(RAW DATA begins)
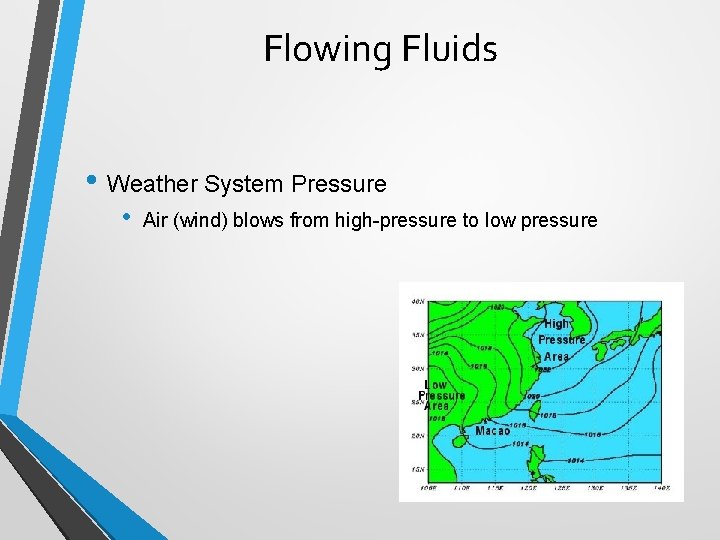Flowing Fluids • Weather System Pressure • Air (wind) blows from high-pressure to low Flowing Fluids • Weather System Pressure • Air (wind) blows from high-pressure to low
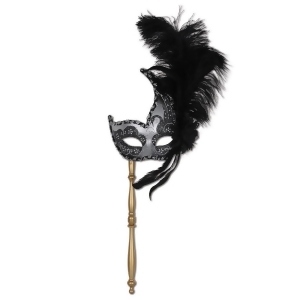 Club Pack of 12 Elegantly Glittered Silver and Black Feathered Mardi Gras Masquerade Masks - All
(RAW DATA ends)
(RAW DATA begins)
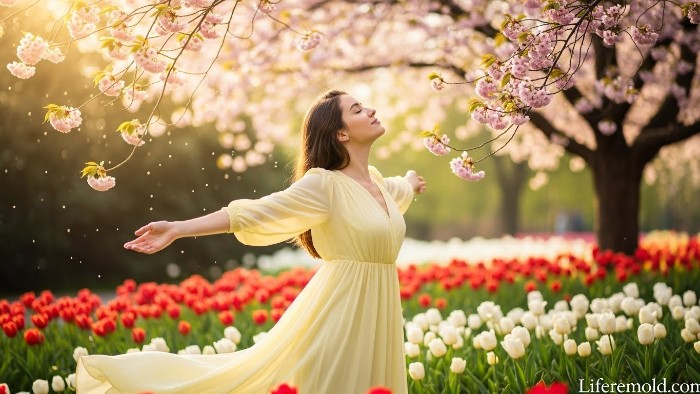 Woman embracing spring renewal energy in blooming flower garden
(RAW DATA ends)
EXERCISE DESCRIPTION =>
Copy the listing above exactly, but only from the line with "to low Flowing" through the line with "Club Pack of", including those two lines and excluding any picture.

ANSWER SECTION =>
Flowing Fluids • Weather System Pressure • Air (wind) blows from high-pressure to low Flowing Fluids • Weather System Pressure • Air (wind) blows from high-pressure to low
 Club Pack of 12 Elegantly Glittered Silver and Black Feathered Mardi Gras Masquerade Masks - All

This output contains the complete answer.